Saved entries
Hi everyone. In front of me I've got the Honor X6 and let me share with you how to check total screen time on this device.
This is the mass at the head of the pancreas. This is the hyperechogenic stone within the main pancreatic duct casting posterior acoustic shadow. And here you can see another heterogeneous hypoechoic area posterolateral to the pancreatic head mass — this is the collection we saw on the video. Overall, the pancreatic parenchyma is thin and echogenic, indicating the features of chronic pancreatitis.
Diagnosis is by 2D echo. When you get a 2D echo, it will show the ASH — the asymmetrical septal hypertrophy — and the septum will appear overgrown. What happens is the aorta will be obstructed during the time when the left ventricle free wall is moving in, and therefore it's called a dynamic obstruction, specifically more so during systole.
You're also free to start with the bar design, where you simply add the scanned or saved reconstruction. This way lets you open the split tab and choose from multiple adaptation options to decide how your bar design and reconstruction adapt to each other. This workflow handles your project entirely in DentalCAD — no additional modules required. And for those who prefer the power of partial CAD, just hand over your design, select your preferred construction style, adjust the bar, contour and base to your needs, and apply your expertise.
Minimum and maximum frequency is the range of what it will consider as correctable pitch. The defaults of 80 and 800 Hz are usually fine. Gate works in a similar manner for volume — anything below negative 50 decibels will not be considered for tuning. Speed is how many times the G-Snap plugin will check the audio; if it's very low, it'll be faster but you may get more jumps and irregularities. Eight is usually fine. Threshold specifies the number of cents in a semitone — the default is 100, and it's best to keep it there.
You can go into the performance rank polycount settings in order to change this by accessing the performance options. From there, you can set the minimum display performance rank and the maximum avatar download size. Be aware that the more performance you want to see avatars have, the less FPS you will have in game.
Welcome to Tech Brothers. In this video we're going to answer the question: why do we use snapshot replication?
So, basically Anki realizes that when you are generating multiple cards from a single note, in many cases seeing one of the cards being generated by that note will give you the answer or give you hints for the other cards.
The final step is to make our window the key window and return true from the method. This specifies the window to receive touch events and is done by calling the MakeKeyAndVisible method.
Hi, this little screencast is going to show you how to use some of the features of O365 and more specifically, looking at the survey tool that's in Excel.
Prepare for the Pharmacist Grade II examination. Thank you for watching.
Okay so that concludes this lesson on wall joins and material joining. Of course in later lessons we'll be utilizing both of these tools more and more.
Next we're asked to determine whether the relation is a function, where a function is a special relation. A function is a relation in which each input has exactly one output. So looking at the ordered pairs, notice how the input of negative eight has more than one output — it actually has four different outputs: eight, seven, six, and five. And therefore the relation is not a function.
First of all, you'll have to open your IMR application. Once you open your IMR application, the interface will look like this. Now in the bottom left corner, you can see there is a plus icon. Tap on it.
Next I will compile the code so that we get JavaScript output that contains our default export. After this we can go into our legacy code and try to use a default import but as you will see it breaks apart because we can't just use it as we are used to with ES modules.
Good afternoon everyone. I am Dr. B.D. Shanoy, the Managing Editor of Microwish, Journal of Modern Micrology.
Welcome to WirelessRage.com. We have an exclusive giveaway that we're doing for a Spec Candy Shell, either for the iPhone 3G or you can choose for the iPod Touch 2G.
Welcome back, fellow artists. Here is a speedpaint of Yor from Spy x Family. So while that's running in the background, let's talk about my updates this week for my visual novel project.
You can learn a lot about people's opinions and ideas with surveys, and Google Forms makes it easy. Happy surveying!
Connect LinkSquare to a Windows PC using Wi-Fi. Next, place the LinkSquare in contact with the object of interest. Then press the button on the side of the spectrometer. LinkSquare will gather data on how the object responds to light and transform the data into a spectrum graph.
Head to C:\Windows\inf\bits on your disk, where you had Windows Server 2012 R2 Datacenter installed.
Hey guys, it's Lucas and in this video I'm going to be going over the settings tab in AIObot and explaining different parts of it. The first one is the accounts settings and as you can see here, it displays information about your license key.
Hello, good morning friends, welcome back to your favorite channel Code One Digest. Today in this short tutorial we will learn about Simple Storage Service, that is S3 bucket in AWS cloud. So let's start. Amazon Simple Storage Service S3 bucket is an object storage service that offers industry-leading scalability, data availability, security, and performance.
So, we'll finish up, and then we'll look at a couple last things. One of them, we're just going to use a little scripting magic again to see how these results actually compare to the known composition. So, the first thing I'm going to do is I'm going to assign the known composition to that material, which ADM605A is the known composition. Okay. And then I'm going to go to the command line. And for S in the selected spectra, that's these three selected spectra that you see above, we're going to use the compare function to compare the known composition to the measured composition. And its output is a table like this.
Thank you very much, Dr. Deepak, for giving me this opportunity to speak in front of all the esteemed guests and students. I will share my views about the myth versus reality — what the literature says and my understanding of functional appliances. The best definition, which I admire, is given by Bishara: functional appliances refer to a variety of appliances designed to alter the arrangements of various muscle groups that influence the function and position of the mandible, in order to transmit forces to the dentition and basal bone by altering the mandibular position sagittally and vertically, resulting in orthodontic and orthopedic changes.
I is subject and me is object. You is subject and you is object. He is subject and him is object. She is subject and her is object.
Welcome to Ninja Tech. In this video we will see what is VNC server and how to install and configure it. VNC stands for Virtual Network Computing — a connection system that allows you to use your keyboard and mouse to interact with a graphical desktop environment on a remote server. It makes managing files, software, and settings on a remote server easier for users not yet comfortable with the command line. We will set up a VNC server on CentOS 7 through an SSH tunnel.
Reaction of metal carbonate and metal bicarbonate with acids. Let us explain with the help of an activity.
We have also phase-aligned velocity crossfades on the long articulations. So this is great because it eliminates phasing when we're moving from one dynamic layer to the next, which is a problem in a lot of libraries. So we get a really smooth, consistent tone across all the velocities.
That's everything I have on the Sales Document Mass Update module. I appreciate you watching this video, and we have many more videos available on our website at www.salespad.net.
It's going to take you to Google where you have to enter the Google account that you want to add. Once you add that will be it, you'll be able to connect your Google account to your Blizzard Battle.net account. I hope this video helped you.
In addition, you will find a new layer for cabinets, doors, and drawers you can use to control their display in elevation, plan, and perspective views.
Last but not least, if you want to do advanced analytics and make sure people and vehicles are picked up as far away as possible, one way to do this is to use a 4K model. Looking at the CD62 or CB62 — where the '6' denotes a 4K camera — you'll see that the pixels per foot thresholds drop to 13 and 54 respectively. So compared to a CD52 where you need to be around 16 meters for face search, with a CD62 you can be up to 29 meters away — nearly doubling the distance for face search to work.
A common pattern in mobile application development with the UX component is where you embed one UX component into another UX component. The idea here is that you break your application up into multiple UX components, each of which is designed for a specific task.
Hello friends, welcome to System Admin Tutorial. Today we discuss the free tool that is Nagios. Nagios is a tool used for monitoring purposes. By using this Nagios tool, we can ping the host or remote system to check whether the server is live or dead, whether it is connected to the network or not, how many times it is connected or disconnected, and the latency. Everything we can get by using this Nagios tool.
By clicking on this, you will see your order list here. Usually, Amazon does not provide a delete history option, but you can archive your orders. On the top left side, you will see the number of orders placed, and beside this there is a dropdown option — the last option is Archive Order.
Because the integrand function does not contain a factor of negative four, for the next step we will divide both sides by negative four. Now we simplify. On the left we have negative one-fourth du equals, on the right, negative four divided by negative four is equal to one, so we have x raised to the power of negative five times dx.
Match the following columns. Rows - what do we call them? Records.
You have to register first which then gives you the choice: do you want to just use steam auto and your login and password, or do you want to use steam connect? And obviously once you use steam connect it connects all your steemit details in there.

* **What you have to do**: An exact copy of the lines above, from the one containing "In addition, you" through the one containing "A common pattern", is the whole of the answer.

* **Task output**:
In addition, you will find a new layer for cabinets, doors, and drawers you can use to control their display in elevation, plan, and perspective views.
Last but not least, if you want to do advanced analytics and make sure people and vehicles are picked up as far away as possible, one way to do this is to use a 4K model. Looking at the CD62 or CB62 — where the '6' denotes a 4K camera — you'll see that the pixels per foot thresholds drop to 13 and 54 respectively. So compared to a CD52 where you need to be around 16 meters for face search, with a CD62 you can be up to 29 meters away — nearly doubling the distance for face search to work.
A common pattern in mobile application development with the UX component is where you embed one UX component into another UX component. The idea here is that you break your application up into multiple UX components, each of which is designed for a specific task.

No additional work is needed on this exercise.